BACKGROUND: Short-term outcomes using steroid avoidance immune suppression are encouraging in pediatric heart transplant (HT) recipients at low risk of antibody-mediated rejection. We assessed medium-term outcomes in pediatric HT recipients initiated on a steroid avoidance protocol at our institution using surveillance biopsies. METHODS: All primary HT recipients during 2006-2020 who did not have a donor-specific antibody were eligible for immune suppression consisting of 5-d Thymoglobulin/steroid induction followed by a tacrolimus-based, steroid-free regimen. We assessed freedom from graft failure (death or retransplant), acute rejection, posttransplant lymphoproliferative disease, and cardiac allograft vasculopathy. RESULTS: Overall, 150 of 181 primary HT recipients were eligible for steroid avoidance regimen. Their median age was 8.7 y, 41% had congenital heart disease, 23% were sensitized, and 35% were on a mechanical support. The median follow-up was 6.1 y. Eleven patients (8%) were on maintenance steroids at discharge and 13% at 1 y. Graft survival was 94% at 1 y and 87% at 5 y. Freedom from rejection was 73% at 1 y and 64% at 5 y.

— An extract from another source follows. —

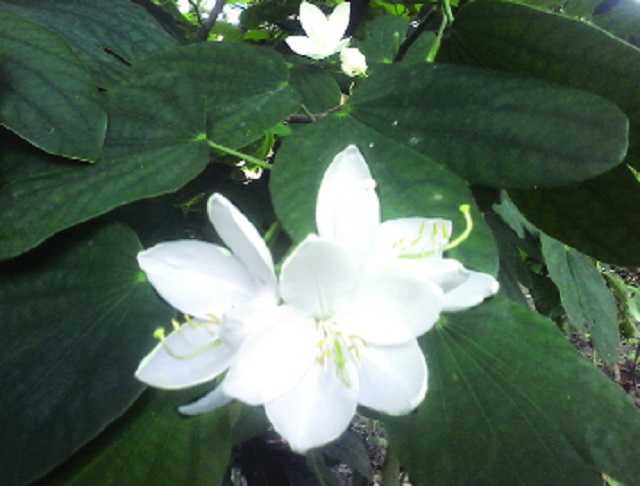 White+Orchid+flower+mbd-4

Freedom from posttransplant lymphoproliferative disease was 96% at 1 y and 95% at 5 y. Freedom from moderate cardiac allograft vasculopathy was 94% at 5 y. Eight patients developed diabetes. Estimated glomerular filtration rate was <60 mL/min/1.73 m 2 in 5% of the cohort at 5 y. CONCLUSIONS: Pediatric HT recipients at low risk of antibody-mediated rejection have excellent medium-term survival and relatively low incidence of posttransplant morbidities when managed using a steroid avoidance immune suppression protocol.